Baileys and Vanilla Tiramisu

It’s become an unofficial tradition for me to make tiramisu for New Year’s Eve. I’m not sure how it came about, but it’s definitely not a bad thing. Tiramisu has always struck me as a kind of elegant dessert, with its layers of ladyfingers and mascarpone cream. That said, it is also very easy to put together and can be made well in advance – huge plusses for just about every dessert. It also uses a bit of alcohol, which makes it fit in nicely with the usual festivities of a New Year’s Eve gathering (or even just a nice dinner), and a bit of coffee, which might give you an edge in staying up until midnight.
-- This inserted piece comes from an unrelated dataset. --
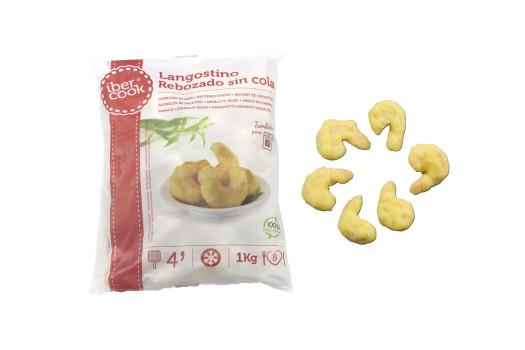 SCAMPI FRIT 1KG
It’s pretty easy to vary the flavors of a tiramisu by using different liquors. Rum and marsala wine are often featured in it. For this version, I used Baileys Irish Cream with coffee (though classic Irish Cream would be fine) to dip the ladyfingers and I infused a vanilla bean into the cream I used to make the mascarpone cream layers. Because it is easier, I included instructions for using both vanilla extract and vanilla-infused cream with this recipe. It is also worth noting the the size of ladyfingers varies by brand, so don’t be concerned if you need more or less than I’ve called for here, as long as your dish is fully covered as you construct the dessert.
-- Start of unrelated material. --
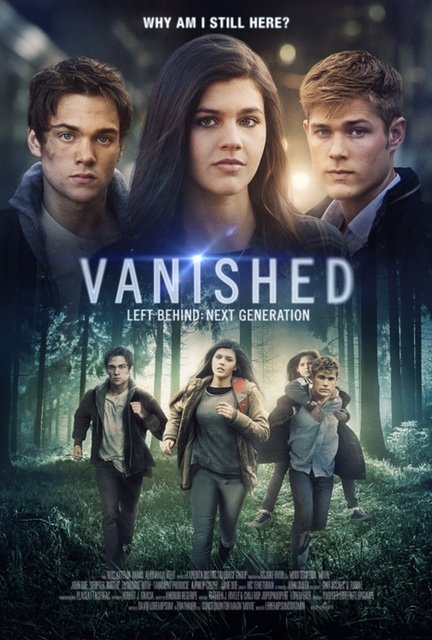 Apocalyptic film \'Vanished: Left Behind â Next Generation\' tells ...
The finished dish is delicious. It is ultra creamy and very light. I really liked the hint of Baileys in with the coffee, too. It’s easy to eat a big piece, but since it is rich it is best served in slightly smaller portions.

Baileys and Vanilla Tiramisu
8-oz mascarpone cheese, room temperature
1/2 cup confectioners’ sugar
1 cup heavy cream, cold*
2 tsp vanilla extract
1 cup strong brewed coffee, room temperature
1/4 cup Bailey’s Irish Cream or other coffee liqueur
approx 30-36 ladyfingers
unsweetened cocoa powder, for finishing

In a large mixing bowl, beat mascarpone, confectioners’ sugar, heavy cream and vanilla at high speed until mixture is fluffy and very smooth.
In a small, shallow bowl, combine coffee and Baileys. Dip each ladyfinger into the coffee mixture to let it soak up some of the liquid (2-3 seconds) and place in the bottom of a 8×8 or 9×9-inch baking dish. The bottom of the pan should be completely covered with the ladyfingers in a single layer. Do not completely soak the ladyfingers in the coffee mixture.
When there is a full layer of ladyfingers, spread half of the cream mixture on top of them.Repeat with remaining ladyfingers and cream mixture.
Dust with cocoa powder
Cover and refrigerate overnight, or for at least 6 hours.

Serves 9-12

*Note: While this works fine with vanilla extract, and that is certainly the easiest way to make the recipe, you can also infuse the heavy cream with a vanilla bean and scrape the seeds into the cream before using it. Combine the cream and a split bean in a small saucepan, bring almost to a boil and remove from heat. Let stand for about 10 minutes, then scrape the vanilla bean seeds into the cream and chill cream until it is very cold. This can be done a few days in advance. Then you can proceed with the recipe as written.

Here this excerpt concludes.